Limitations Of Accelerating TensorFlow With TensorRT

There are some limitations you may experience after accelerating TensorFlow 1.7 with TensorRT 3.0.4, such as:
  • Conversion relies on static shape inference, where the frozen graph should provide explicit dimension on all ranks other than the first batch dimension.

  • Batchsize for converted TensorRT engines are fixed at conversion time. Inference can only run with batchsize smaller than the specified number.

  • Current supported models are limited to CNNs. Object detection models and RNNs are not yet supported.
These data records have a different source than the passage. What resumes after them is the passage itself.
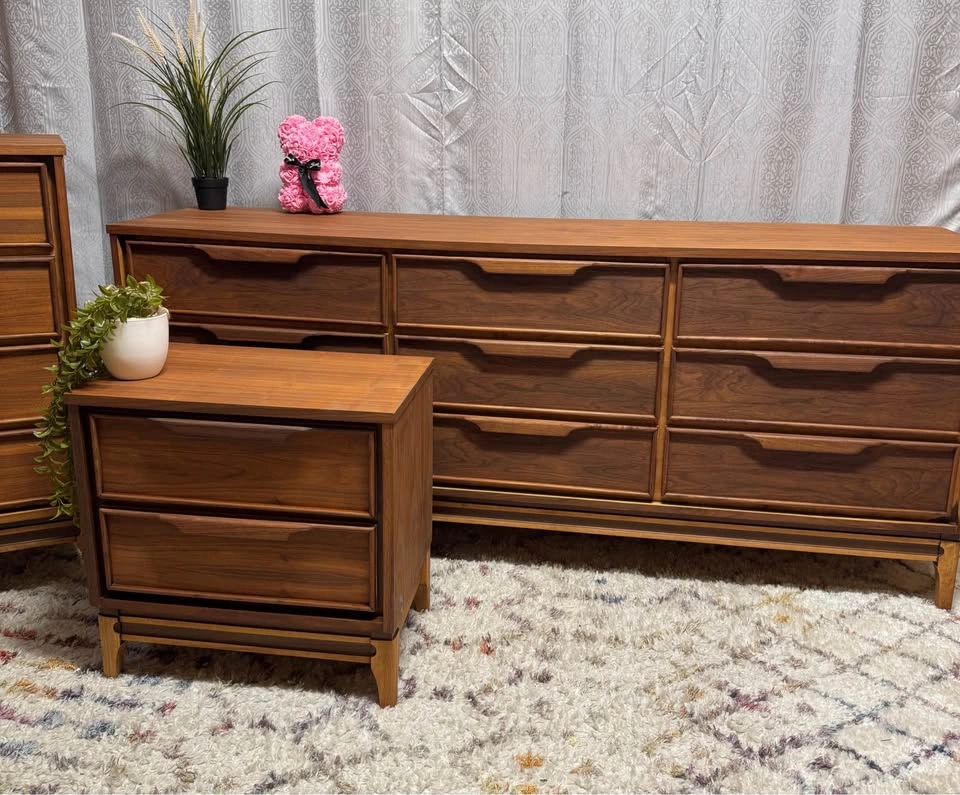 Mid century modern bedroom set - refinished - photo 5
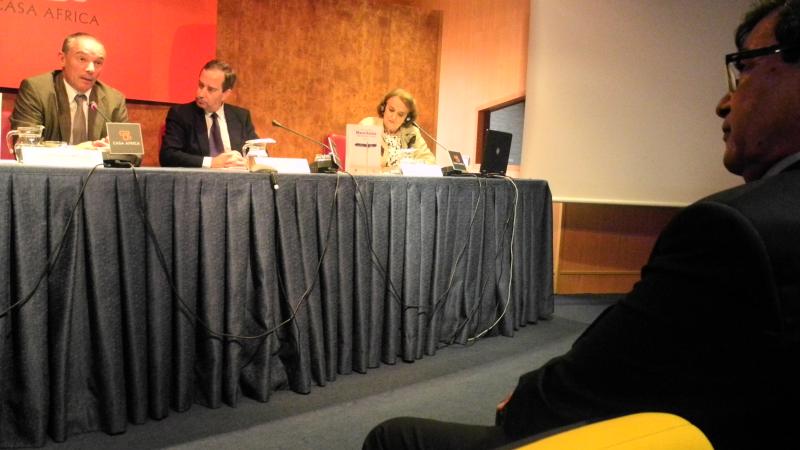 1. Mesa de presentación del libro Mauritania contra viento y marea en Casa África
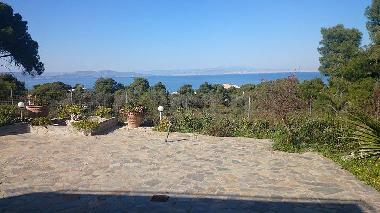 Maison de vacances /en/au AGIOI (Attiki)ou appartement ou maison de vacances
  • Resource management is not integrated, therefore, ensure you limit the memory claimed by TensorFlow in order for TensorRT to acquire the necessary resource. To limit the memory, use setting per_process_gpu_memory_fraction to < 1.0 and pass it to session creation, for example:
    gpu_options = tf.GPUOptions(per_process_gpu_memory_fraction=0.333) sess = tf.Session(config=tf.ConfigProto(gpu_options=gpu_options))

Known Issues

  • The TensorRT engine only accepts input tensor with rank == 4..